Then, of course, there’s The Reader.  This movie has no business being nominated for Best Picture, director or screenplay.  Frost/Nixon is a masterpiece by comparison.  It’s a jumbled mess of three different stories/ideas that never mesh into something cohesive.  The movie appears to be saying that you’re better off being a Nazi guard who led women and children to their death, then to be illiterate. The main character, Hanna, would rather go to prison for war crimes, then allow anyone to know that she can’t read.  Am I missing something here?  Am I really supposed to take this movie seriously?  I haven’t even mentioned the completely unbelievable affair that Hanna has with the young boy that sets the story in motion.  Maybe everyone that likes this movie read the book and they’re bringing something to the film that’s not on the screen (like I did with Revolutionary Road).  But from my view, this is a tedious, rambling film with no direction.
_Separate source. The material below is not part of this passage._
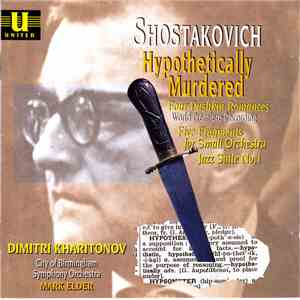 Shostakovich - Dimitri Kharitonov, City Of Birmingham Symphony Orchestra, Mark Elder  - Hypothetically Murdered Orchestral Suite Op. 31a download flac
I’m running long again so I’ll turn it back to you and save my thoughts on the two films that do deserve to be here-Milk and Benjamin Button-for next time.

slumdog_millionaire

From: Ethan
To: Nick

My last word on The Reader/Dark Knight situation: conventional wisdom has been positing that the former knocked the latter out of contention, but remember that conventional wisdom also said that Kate Winslet would be nominated for Revolutionary Road rather than The Reader.  I guess what I’m trying to say is that conventional wisdom can often be wrong.  You also mentioned the guild awards and while it’s true that The Dark Knight was honored by the Directors, Producers and Writers guilds, it was completely passed over by Screen Actors Guild—the largest voting block in the Academy—save for Heath Ledger’s expected Supporting Actor nod.  It’s also worth noting that The Reader didn’t dominate the SAG Awards either, only getting a Supporting actor nomination for Winslet.  You know what the SAG voters did flip for though?  Doubt.  So my working theory is that Doubt and The Reader were the two movies competing for the fifth slot, while The Dark Knight was never seriously in contention.  The public and pundits (myself included, not trying to distinguish myself as a kind of sage here) assumed that The Dark Knight was a given because of box office, but in hindsight, I just don’t think that was the case.  I know The Reader is a tempting target for assigning blame, both because it was a real surprise and because it’s backed by Harvey Weinstein who many still loath for the Shakespeare in Love upset a decade ago, but it’s not fair to blame The Dark Knight’s loss solely on that film, particularly when we don’t have access to any hard data.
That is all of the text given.